Drainer should not retry on long time ddls directly

pingcap / tidb-binlog

A tool used to collect and merge tidb's binlog for real-time data backup and synchronization.

Apache License 2.0

292 stars 131 forks source link

Drainer should not retry on long time ddls directly #1169

Open lichunzhu opened 2 years ago

lichunzhu commented 2 years ago

What did you do?

Use Drainer to replicate some long time costing ddls to downstream TiDB. For example, adding index ddls.

What did you expect to see?

Drainer can replicate ddls successfully.

What did you see instead?

Drainer fails because of i/o timeout and keeps retrying to replicate these ddls again.

Versions of the cluster

master(https://github.com/pingcap/tidb-binlog/commit/b0214a29e9fa5810df95cccbf61a0090b3ba9775)

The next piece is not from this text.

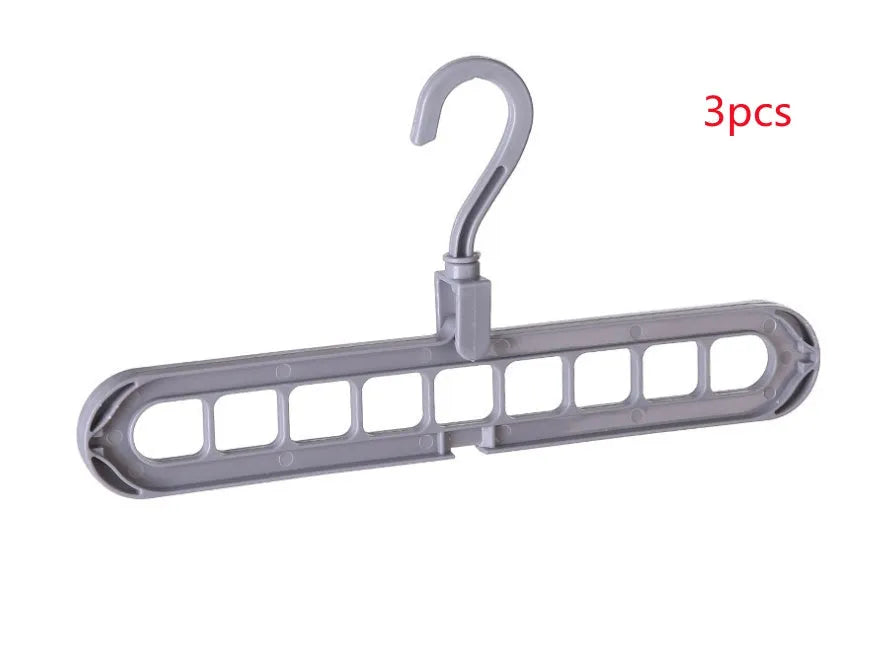 Plastic clothes hanger with rotating hook in assorted colours on white background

lichunzhu commented 2 years ago

Root Cause

When Drainer executes some time-costing ddls, especially for adding index, Drainer may fail to get result because it won't return any result until it succeeds. If this time cost is larger than syncer's read-timeout, Drainer will fail and try to execute ddl again. This will make the situation even worse.

Workaround

For these long time costing ddls, we can use a special connection to execute them and keep watching the result asynchronously through admin show ddl jobs.